WORK ITEM
The lines from the one containing "バス・シャワールーム　バスルームは狭すぎず、シャワーも浴びやすそうです。" through the last line below, both ends included, must be reproduced exactly, with no pictures.
THE DATA section start
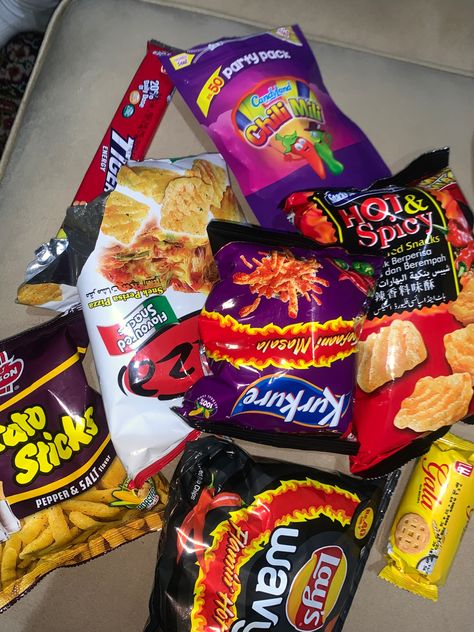 Pakistani Snacks, South Asian Aesthetic, Desi Love, Asian Aesthetic, Pakistan Zindabad, Desi Aesthetic, South Asian, Party Packs, Microsoft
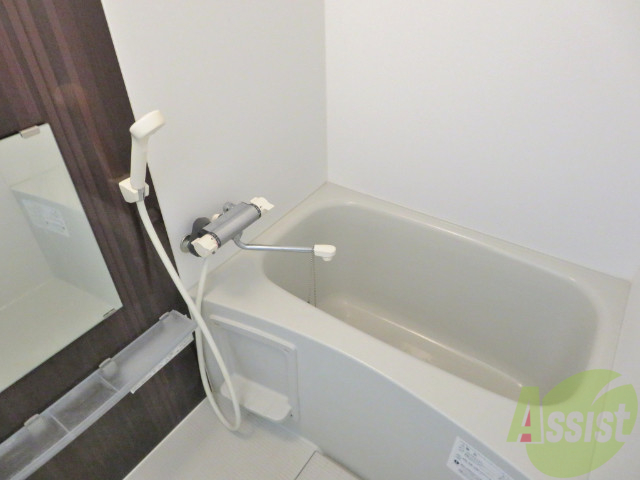 バス・シャワールーム　バスルームは狭すぎず、シャワーも浴びやすそうです。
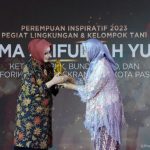 Fokus pada Dunia Pendidikan, Bunda Fatma Raih Penghargaan Perempuan Inspiratif di Festival 6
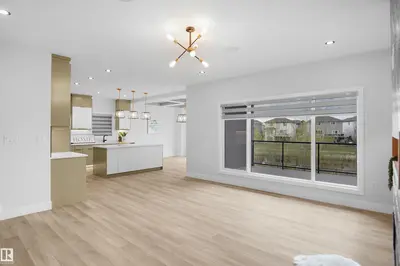 Interior photo 3 of 162 EDGEWATER CI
THE DATA section end
TASK RESPONSE
 バス・シャワールーム　バスルームは狭すぎず、シャワーも浴びやすそうです。
 Fokus pada Dunia Pendidikan, Bunda Fatma Raih Penghargaan Perempuan Inspiratif di Festival 6
 Interior photo 3 of 162 EDGEWATER CI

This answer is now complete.